His whole demeanor, the way he was talking to himself and only god knew who else, his irrational behaviour had nothing to do with the Spike Dawn had seen only a day before. This Spike here had totally lost it. For a second she pondered if she should make her presence known at all, or just turn around and leave before crazy-Spike could do anything to her.
But the bigger part of her wanted to know why he was acting this way and how he had gotten into this state. Slowly, she approached him, careful and focused in case anything should happen.
"Spike?".
He whirled around, a shocked and surprised look in his eyes. And something, Dawn didn't recognize at first. She wasn't used to seeing this expression in Spike's glance. Fear.
"Who's there?".
"It's me, Dawn.". She stepped out of the dark corner she had stood in.
A flicker of hope flashed over Spike's face.
"Niblet?".
"Yeah, it's me. Spike, what is going on?".
Something she had rarely seen before, a real smile and not the usual smirk, appeared on Spike's face.
"You came. You'll help me make them stop, won't you?".
"Stop who? Spike, I don't understand-".
"They're all in here, talking. Whispering and screaming at the same time, telling me things.".
"I don't see anyone.".
"They're in me.They came with the package.".
"What package?".
"The spark. The spark I had them put into me again. So that I can be a better man.".
It took Dawn a few seconds to understand what he was talking about, but then it clicked. Spike had gotten his soul back. And, obviously, with the soul the memories of what he had done had come back to haunt him, making him feel guilt and remorse. The conversation she had overheard before had been one with someone in his head, probably someone he had killed at some point. Now she also understood the letter and what he had meant with mixing purity with filth. Of coursethis was torturing him. Feeling horrible for what he had done to probably thousands of people every second of every day..

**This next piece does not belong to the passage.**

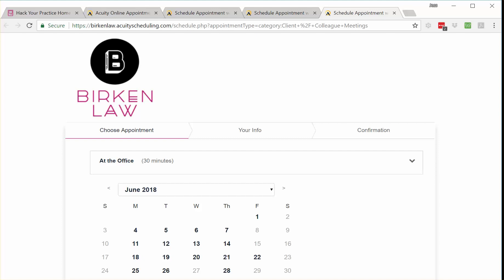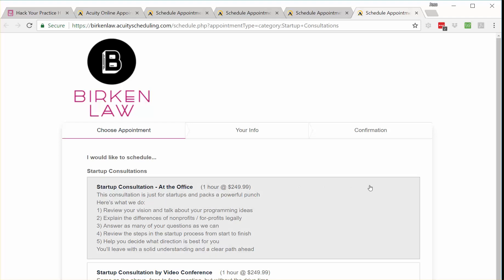The fourth way I use Acuity Scheduling is for paid consultations — these are potential client meetings, and I do actually charge for consultations. Not everybody does, and that doesn't really change anything for this setup. You could certainly set up an appointment type for initial client consultations — always be closing, whether they're paid or not. I have a YouTube series on my Hack Your Practice channel that talks about why you should be charging for consultations and how to use Acuity to do it, and I'd encourage you to check out those videos.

It was right then when Dawn realized something. She would never have to set Spike on fire. He was already burning in his very own purgatory. And she remembered what Giles had said once: To forgive is an act of compassion. It's not done because people deserve it. It's done because they need it. And Spike looked like he really needed it.
"Stay a while niblet, will you? They're not so loud when I'm not alone.".
Slowly, she approached him and kneeled down next to him.
"We'll make them stop. Somehow. We'll make them shut up, okay?".
Dawn didn't have the slightest clue how to do that or if it was even possible. If that was the price Spike had to pay for his soul. But he needed something to hold on to, and she would give him that. Just like he had done for her when Buffy had been gone. Be his rock the way he had been
hers, believing for the two of them that it would be better one day, until he believed it too.
"Ssssh...it'll be alright, Spike. I'm here for you okay? We'll find a way..".
Softly stroking over his hair she gently rocked forth and back. Having deep conversations about what had been and dissolving all the things and feelings that maybe stood between them now would have to wait. Now was not the time for them. Right now it was time to calm down the trembling vampire that had put his arms around her, like a drowning man holds onto a lifeline, after her promise to make it stop.